Comment Re:Blacklisted (Score 2, Informative) 265

There seems to be a disconnect with "businesses" that make their living primarily off of a government license or special status. As we saw when they dissected the banking crisis, many "financial" businesses are quasi-governmental in nature and as such should have much less latitude to declare themselves "purely private" entities with freedom of choice.

Having said that, I do not believe that banks should have any latitude to deny service to anyone who is not causing a direct problem for the bank. (i.e. breaking laws that involve the bank, refusing info required to meet regulation, abusive to the staff, etc.) Most businesses operate this way - it's only when you get self-righteous employees involved that start to treat the business like they own the whole thing that you get nonsense like this. It is not the bank's place to discipline a business for conduct that is neither illegal nor causes problems for the bank.

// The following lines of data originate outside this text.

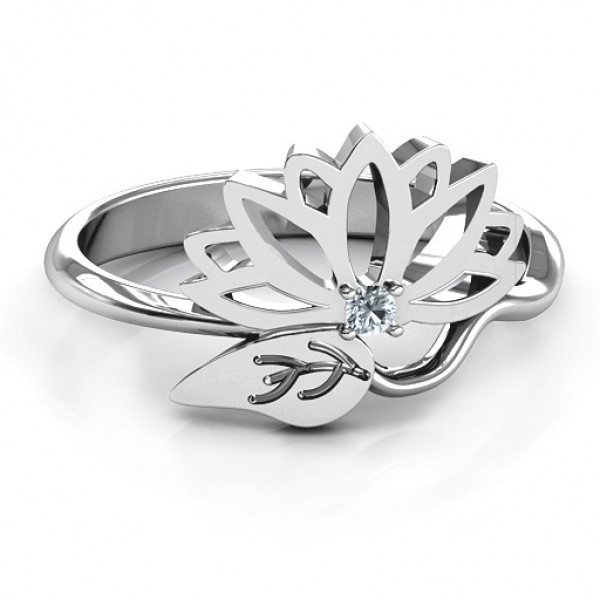 Leaves and Lotus Wrap Ring - Custom Jewellery By All Uniqueness
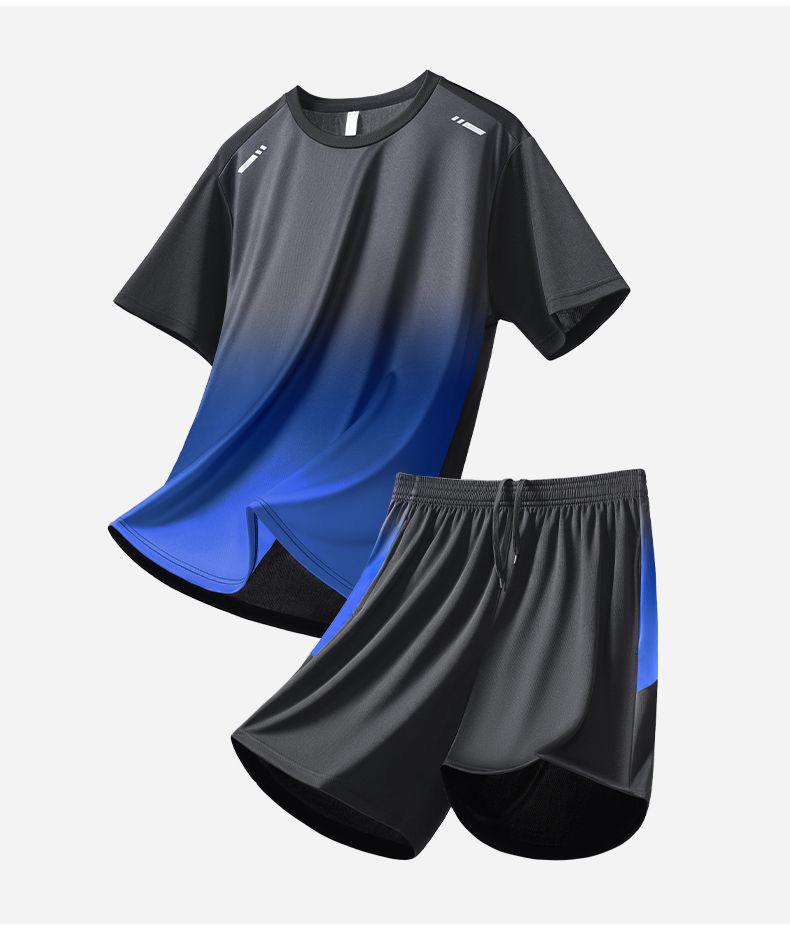 Ice Silk Quick-Dry Sports Suit: Unisex Short-Sleeve & Shorts for Summer Fitness & Outdoor Running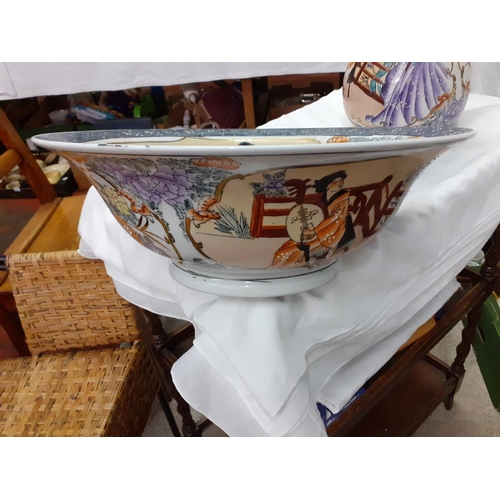 444 - Oriental Hand Decorated Toilet Jug & Bowl Set.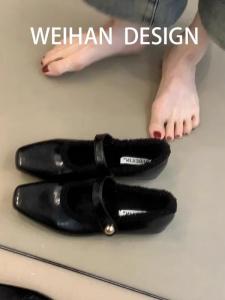 Sheepskin Version Mary Jane Shoes Retro Style Fleece Lined Warm Fur Cotton Flat Bottom Evening Single Shoes Korean Style Low Heel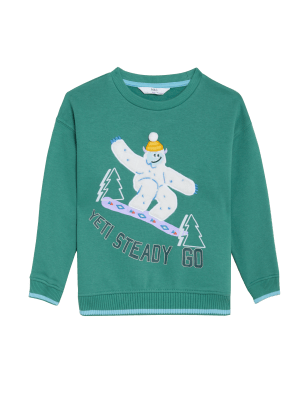 

Boys M&S Collection Cotton Rich Yeti Slogan Sweatshirt (2-7 Yrs) - Jade, Jade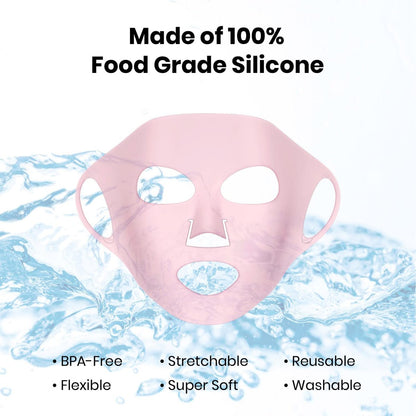 Lindo Silimask Reusable Silicone Facial Mask Cover for Sheet Masks – 2 Count with Travel Pouch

Comment Re:That would be all well and good (Score 3, Interesting) 461

Consumers squeeze corps, corps squeeze consumers - agreed

Corps have industry trade groups and lobbyists, consumers have (in the USA) representatives and senators.

When it comes down to it, people decide what's ok and what's not. Corps are not people, consumers are. (except when it comes to campaign financing)

Having minimum standards sucks from the supply side, but their absence is much more damaging on the demand side. To use your analogy - ways to make flights cheaper would include doing away with seatbelts and emergency exits (the seals are a maintenance issue). Nobody uses them anyway. Also, would you even notice if aircraft inspections were reduced? The average consumer wouldn't either.

Comment Re:Multilayer WTF? (Score 2, Interesting) 926

One problem with this whole thing is that if the luggage owner doesn't know there is contraband in it, they will act differently than someone who knows what they're carrying.

Observing "suspicious behavior" is a big part of picking this stuff out.

I think this should be enough to invalidate their test unless they were intentionally isolating the behavior observation methods out.